SP Logan Webb: Arsenal changes are something I watch for. I want to see how teams tried to increase strikeouts and decrease hard contact. With Webb, the Giants went with more sinkers and more sliders. In 2020, opposing batters hit .329 with a .507 SLG against his four-seam fastball, which he threw over a third of the time. In 2021, the Giants increased his sinker usage to be his primary pitch at 37.7%. Batters hit .276 but only had a .392 SLG. Webb threw his slider about 12% more last season, and opposing batters hit .156 with a .231 SLG on that pitch. They also worked on its shape and movement. That pitch induced a 47.1% Whiff%, which is the percentage of swings and misses relative to total swings. His Chase Rate (rate of pitches swung at that are outside the strike zone) was in the top 9%, a massive difference from when he was in the bottom 10% in 2020. Webb was already a ground-ball machine that put up good numbers because of his command, but now he generates a lot more strikeouts.

Season Outlook

The Giants are still the second-best team in this division.

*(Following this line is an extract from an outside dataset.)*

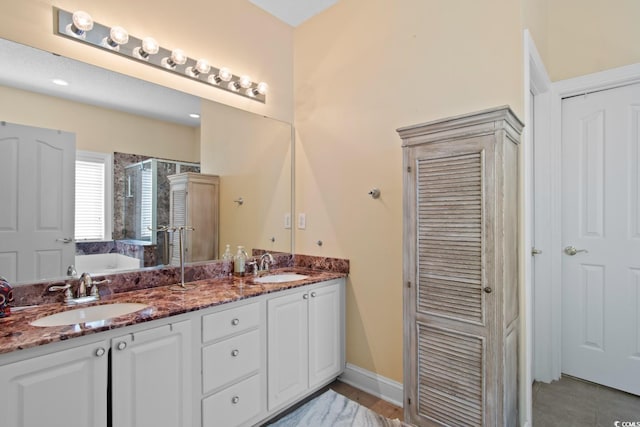 5712 Whistling Duck Dr, North Myrtle Beach, SC 29582 - bathroom featuring double vanity, a bath, a stall shower, and a closet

The Padres have bigger names and a lot of people are pessimistic about San Francisco, but I’m not one of them. This is a deep team that maximizes the potential of every player on the roster. They have a great shot at making the playoffs again, and I believe in most of the statistical leaps we saw from last season. Their season win total is low at 85.5, and I think the projection systems are wrong on this team. The stats that a lot of players produced in the past are not necessarily indicative of the future, and that’s especially true with one of the league’s best front offices.